We have reached another milestone in our horse life: we rode Cletus, our four year old buckskin gelding! If you remember, we bought him as a baby alongside his mother, Penny, in the fall of 2011. Last November, we sent him to the Rosebud Indian Reservation for a crash course in behaving under saddle….the trainer raved about him and said he was the best horse he’s ever trained. So then we brought him home and (due to me being pregnant and my husband being very busy) he stood around in our corral for almost another year. The good news is that we have been riding him this summer!

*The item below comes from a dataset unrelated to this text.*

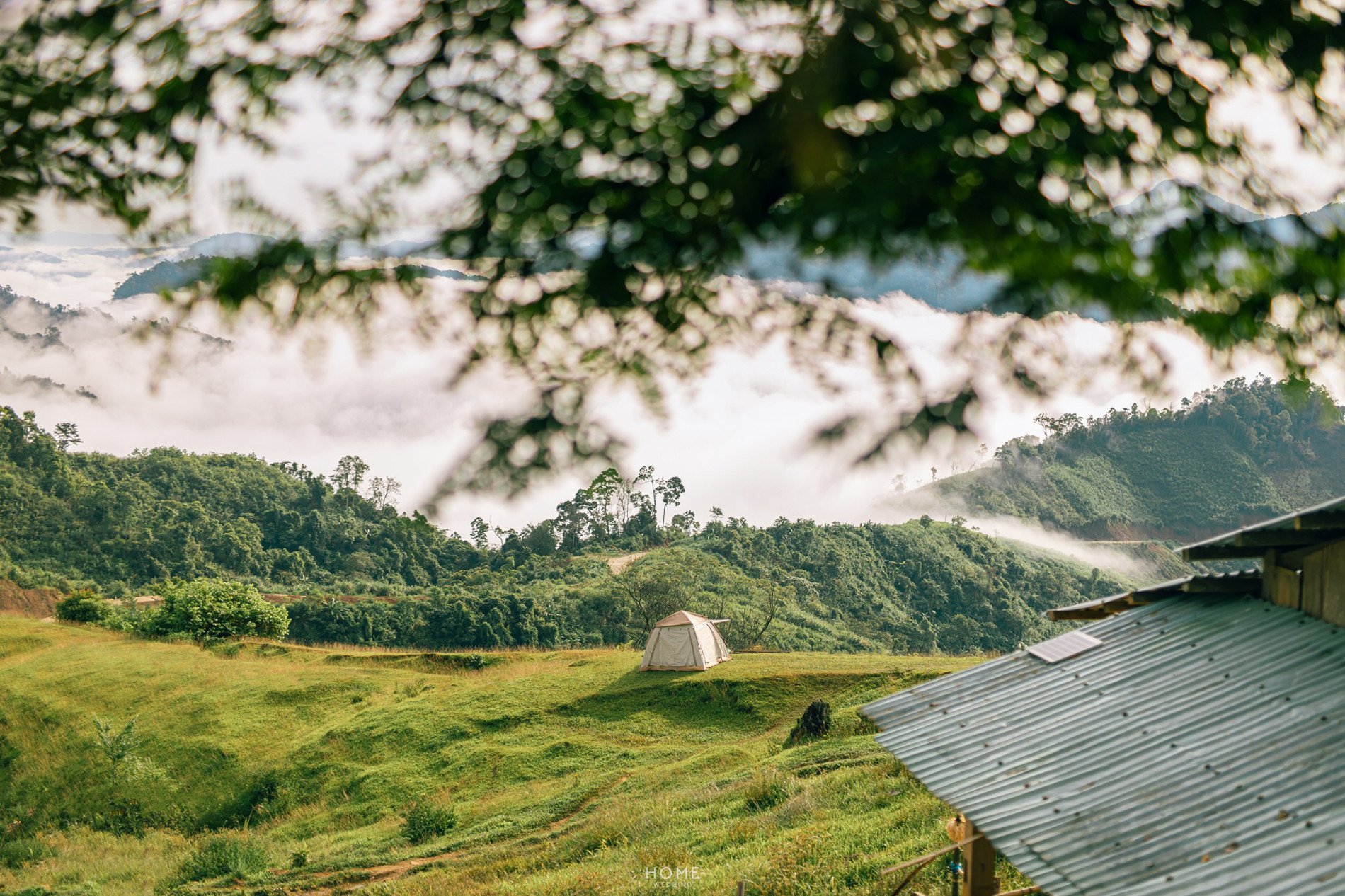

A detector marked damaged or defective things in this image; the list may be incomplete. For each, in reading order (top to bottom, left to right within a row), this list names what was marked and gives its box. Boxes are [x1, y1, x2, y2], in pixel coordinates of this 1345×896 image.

In August we decided it was high time to be using him. We had just sold Bluebird, who rode out beautifully and didn’t even blink at being saddled and carrying a rider. So we got Cletus in the round pen and put a saddle on him. I could tell by his body language that it just wasn’t feeling right to him. His head was up, neck stiff, ears back….he had fidgeted a little when I put the saddle pad on, as if he thought it might swallow him up and he just couldn’t stand it. But I got the cinch fastened and figured I’d let him get comfortable…I undid the halter and clucked to him, and he went nuts!
Cowboy Dad, who was watching it all, said afterwards that he really didn’t buck that hard. But this little buckskin gelding can put on quite a show! He circled the round pen about three times, in a wild crow-hop kind of gallop, bucking straight ahead, not really hard but consistently without stopping. I stood in the center with the coiled-up lead rope, encouraging him to keep moving. He wanted to stop on the side of the pen nearest the mares, who were out grazing and completely ignoring his antics. So I kept him loping until he quit the bucking and would just circle the pen smoothly.
His bucking made me step back a little and re-think climbing into the saddle that day. I told my husband that he needed a little more groundwork. Cowboy Dad said he could have stuck with him, if that was all Cletus was going to do. I wasn’t so eager to get on him, so I just free-lunged him a little more and then did some groundwork exercises like hindquarter yielding and so forth.
We talked about it afterwards, and I mentioned to my husband that once you put a bit in the horse’s mouth and get him to bending and giving to the reins, he won’t be so inclined to buck, as he won’t feel as free and unencumbered. We were pretty sure this was the first time Cletus had bucked under saddle, because the trainer said he saddled just fine at first, and if he did have any problems with him he never said so.
My philosophy is to let a horse buck if he thinks he needs to. Just do it before you get on him, and let him get it out of his system. Sometimes they will still buck, later on, if something spooks them or they feel excess energy and just can’t behave. But more than likely, they are testing out that saddle and just wanting to get it off them, and after a few bucks they realize that thing is sticking with them no matter what, and it’s an awful lot of work to buck, so they quit it.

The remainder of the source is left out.